● **What the exercise asks**:
Omit the pictures while printing every entry below exactly as given.

BEGIN Source records

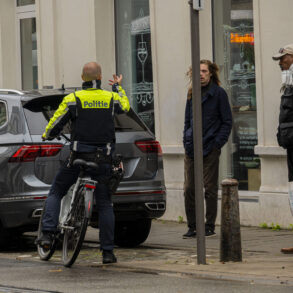 Politieagent op fiets spreekt man aan.
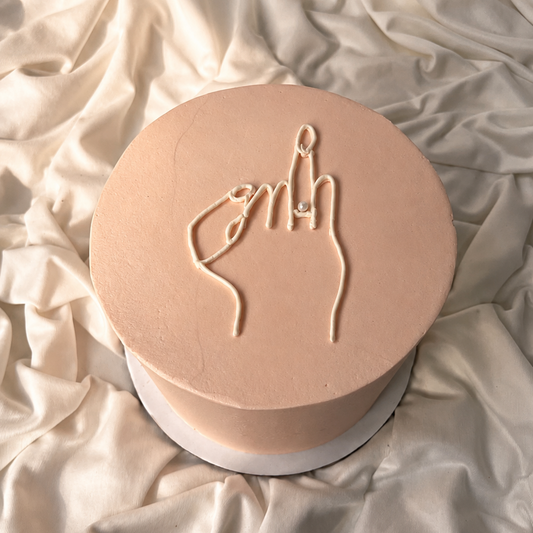 Round beige object with a hand gesture design on a textured beige surface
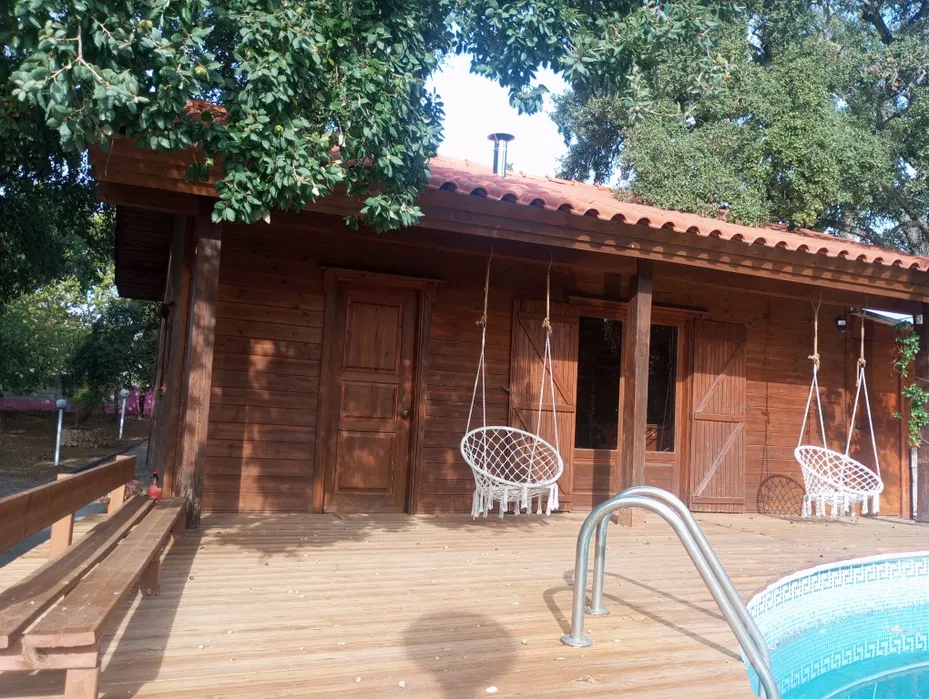 Main house entrance and surrounding trees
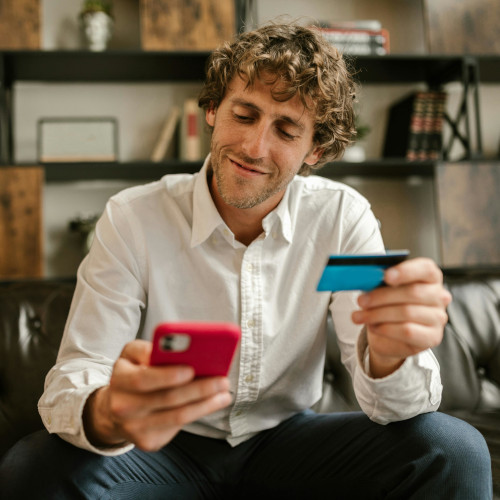 A man making a purchase on his phone, his credit card in hand.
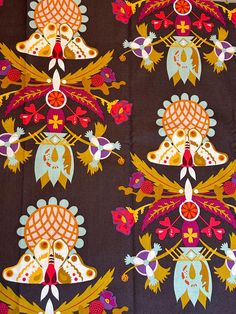 an intricately designed table cloth with birds and flowers on brown background, in various colors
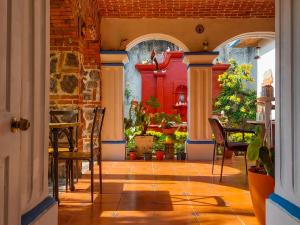 a hallway with a table and chairs in a room at Hotel Nolasco in Antigua Guatemala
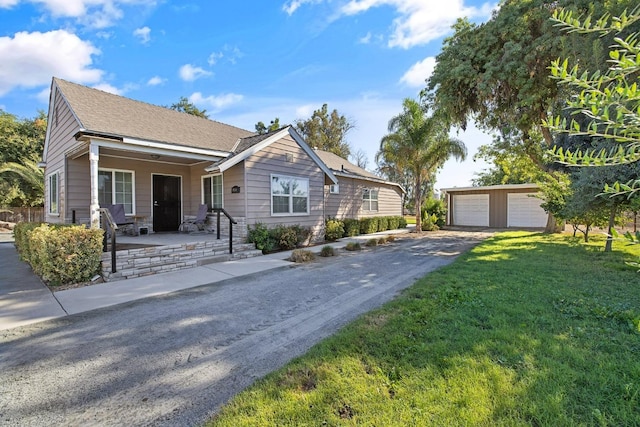 view of front of property with a garage, a front lawn, and an outbuilding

END Source records

● **Response below**:
 Politieagent op fiets spreekt man aan.
 Round beige object with a hand gesture design on a textured beige surface
 Main house entrance and surrounding trees
 A man making a purchase on his phone, his credit card in hand.
 an intricately designed table cloth with birds and flowers on brown background, in various colors
 a hallway with a table and chairs in a room at Hotel Nolasco in Antigua Guatemala
 view of front of property with a garage, a front lawn, and an outbuilding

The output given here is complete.